Since pictures are not wanted in the copy, output only the rest of each record exactly.

======== Provided material

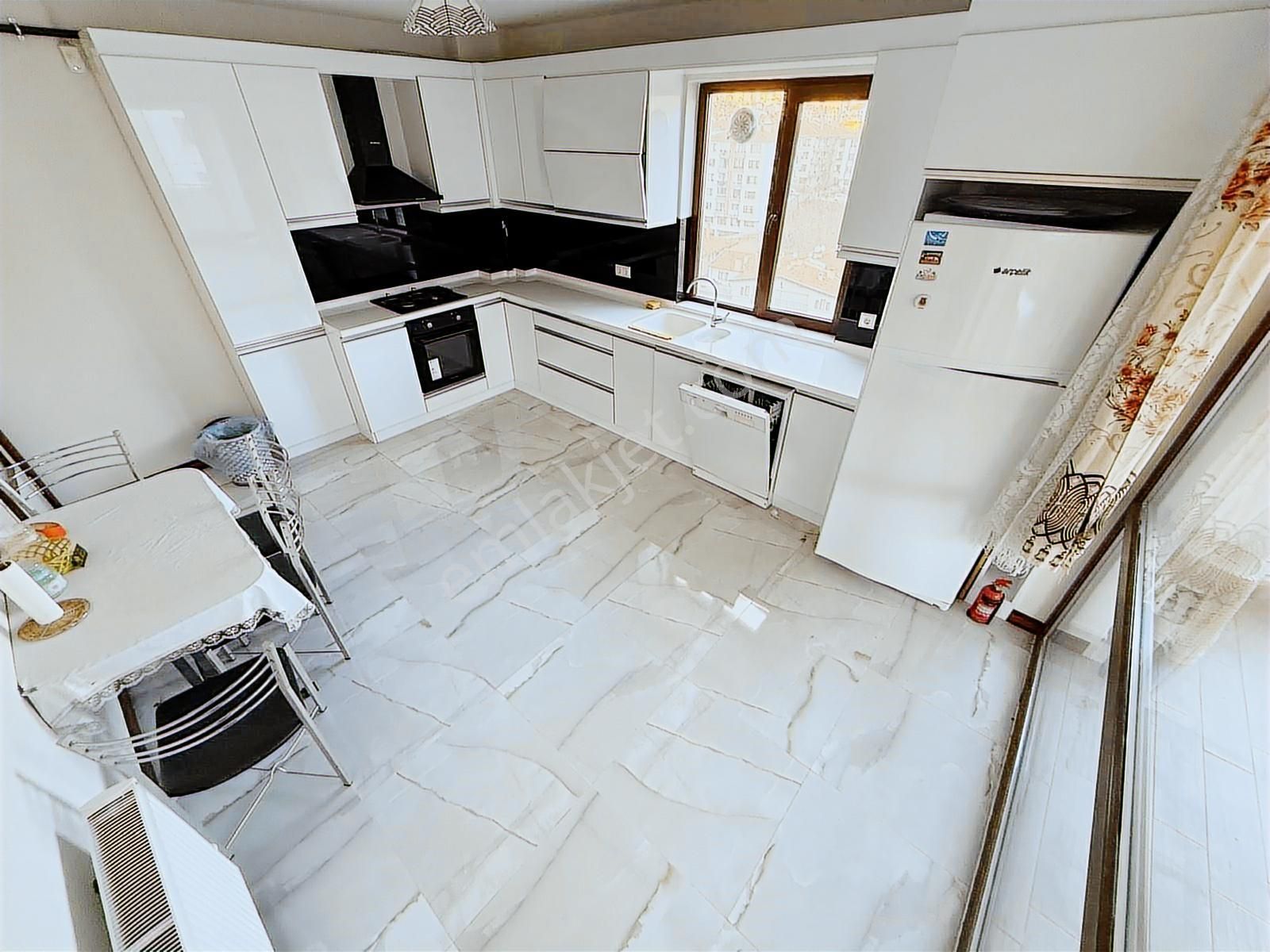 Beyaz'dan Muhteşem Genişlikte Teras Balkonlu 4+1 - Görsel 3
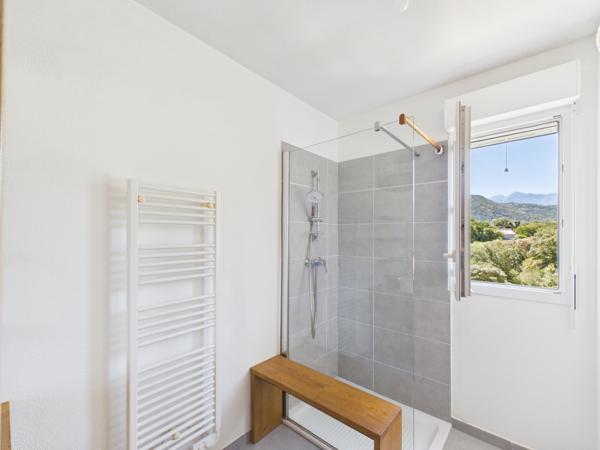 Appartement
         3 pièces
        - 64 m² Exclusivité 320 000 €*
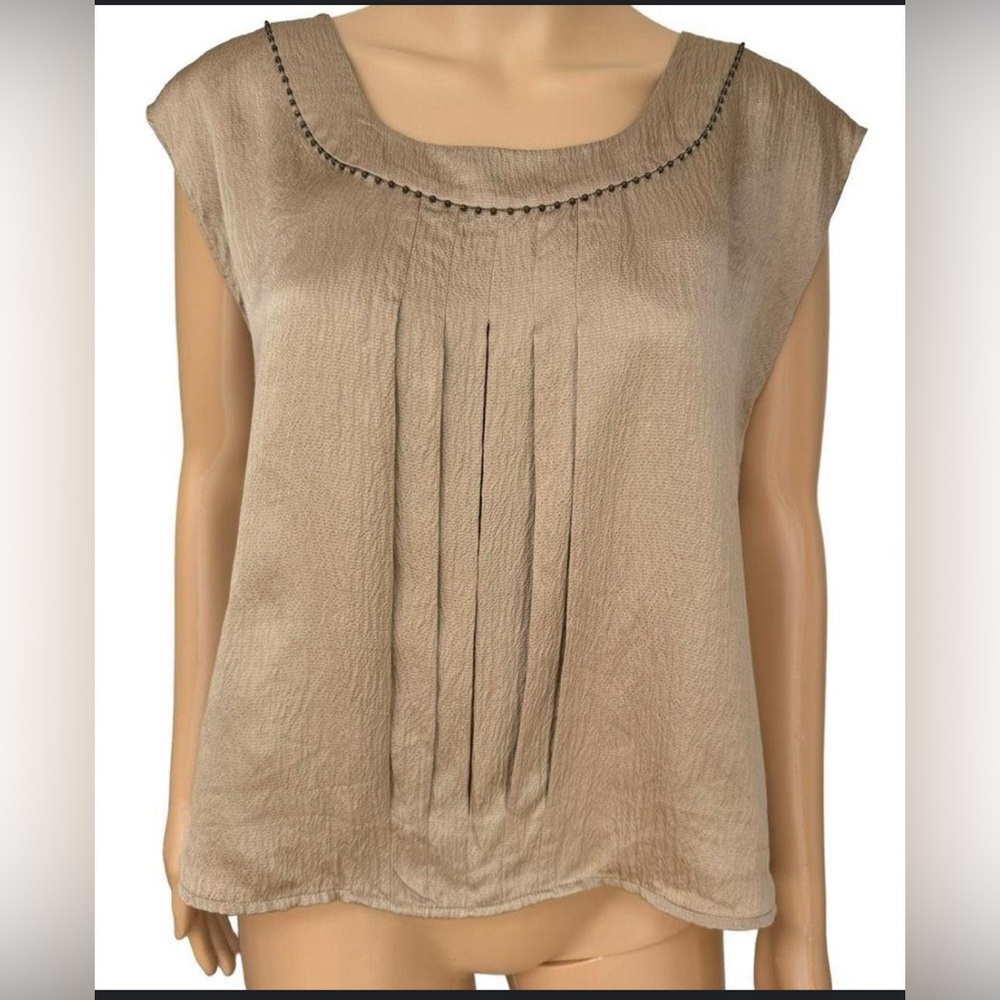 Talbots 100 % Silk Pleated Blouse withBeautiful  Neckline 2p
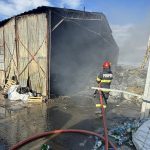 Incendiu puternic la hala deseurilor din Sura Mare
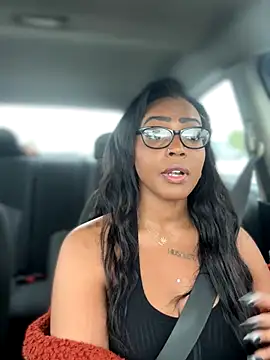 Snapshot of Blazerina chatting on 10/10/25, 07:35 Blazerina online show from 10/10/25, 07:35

================

▶ [Written response]:
 Beyaz'dan Muhteşem Genişlikte Teras Balkonlu 4+1 - Görsel 3
 Appartement
         3 pièces
        - 64 m² Exclusivité 320 000 €*
 Talbots 100 % Silk Pleated Blouse withBeautiful  Neckline 2p
 Incendiu puternic la hala deseurilor din Sura Mare
 Snapshot of Blazerina chatting on 10/10/25, 07:35 Blazerina online show from 10/10/25, 07:35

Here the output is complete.